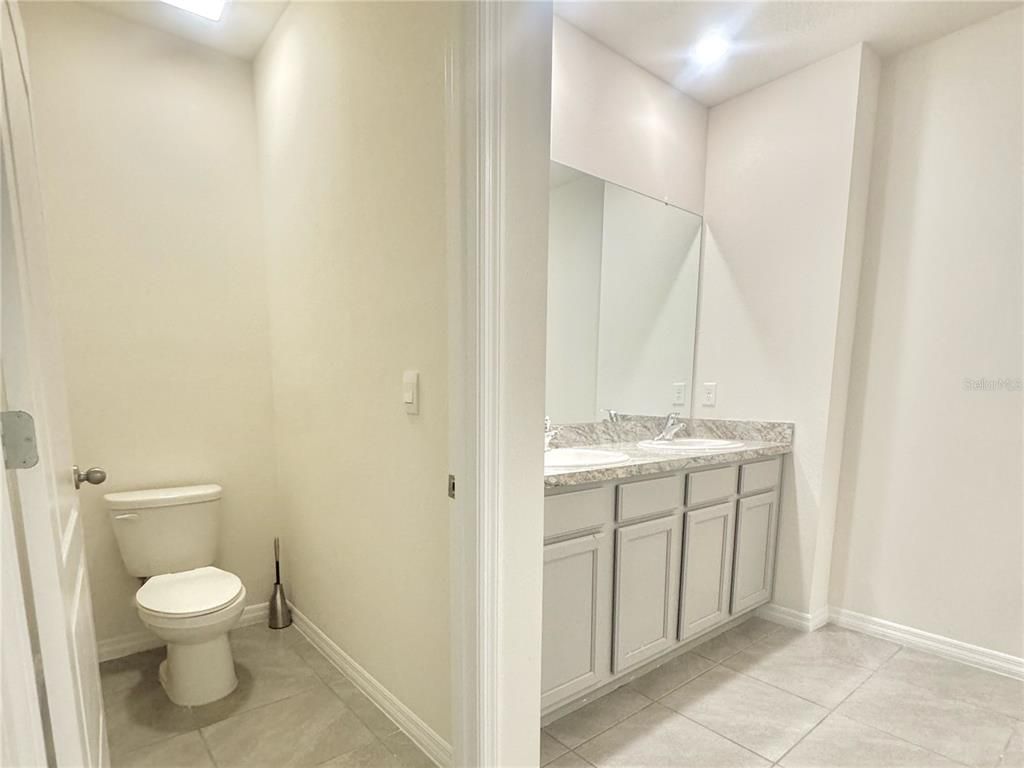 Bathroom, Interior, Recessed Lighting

--

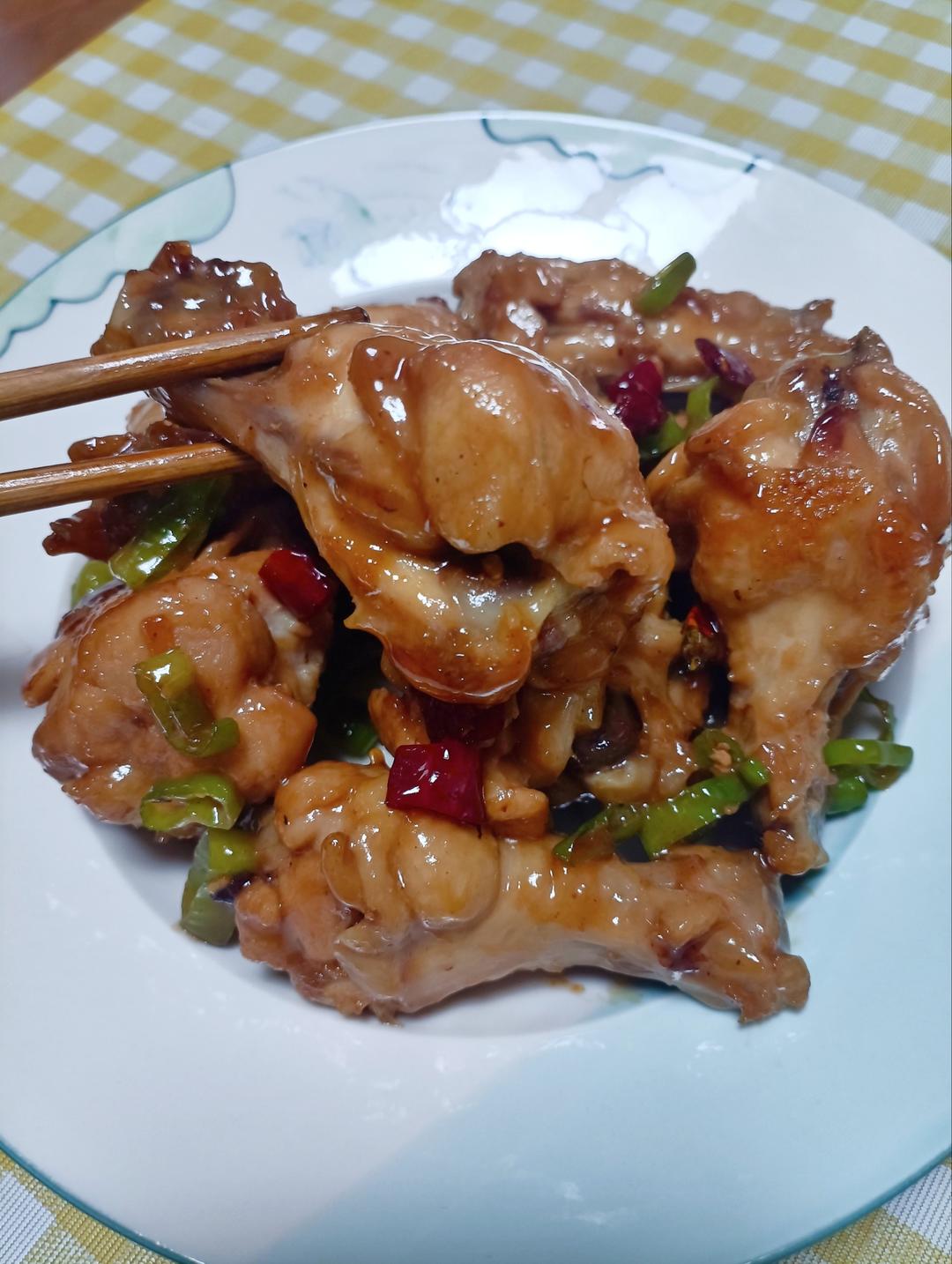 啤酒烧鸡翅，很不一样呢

--

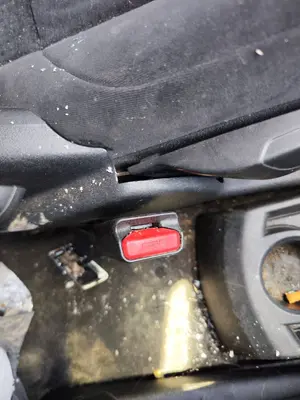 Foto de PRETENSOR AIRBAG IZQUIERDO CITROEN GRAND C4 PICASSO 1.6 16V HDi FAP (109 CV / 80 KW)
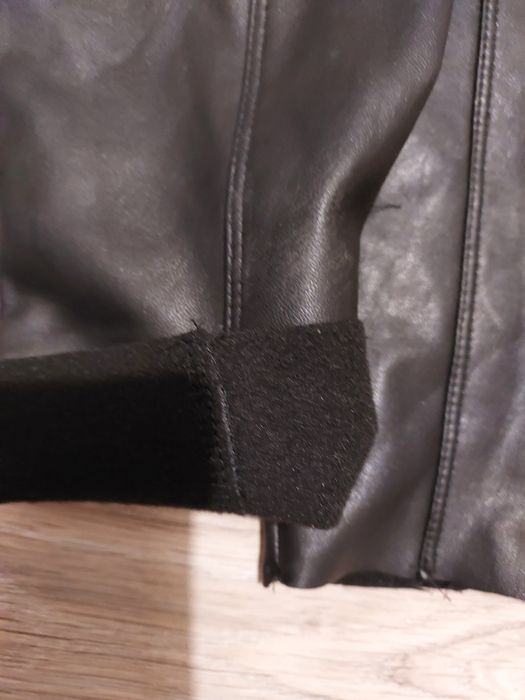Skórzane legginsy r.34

**EXERCISE OBJECTIVE:** Above are records; write out the lines from the one with "Foto de PRETENSOR" down to the one with "Skórzane legginsy r.34", exactly, leaving the pictures out.

**REPLY:**
 Foto de PRETENSOR AIRBAG IZQUIERDO CITROEN GRAND C4 PICASSO 1.6 16V HDi FAP (109 CV / 80 KW)
Skórzane legginsy r.34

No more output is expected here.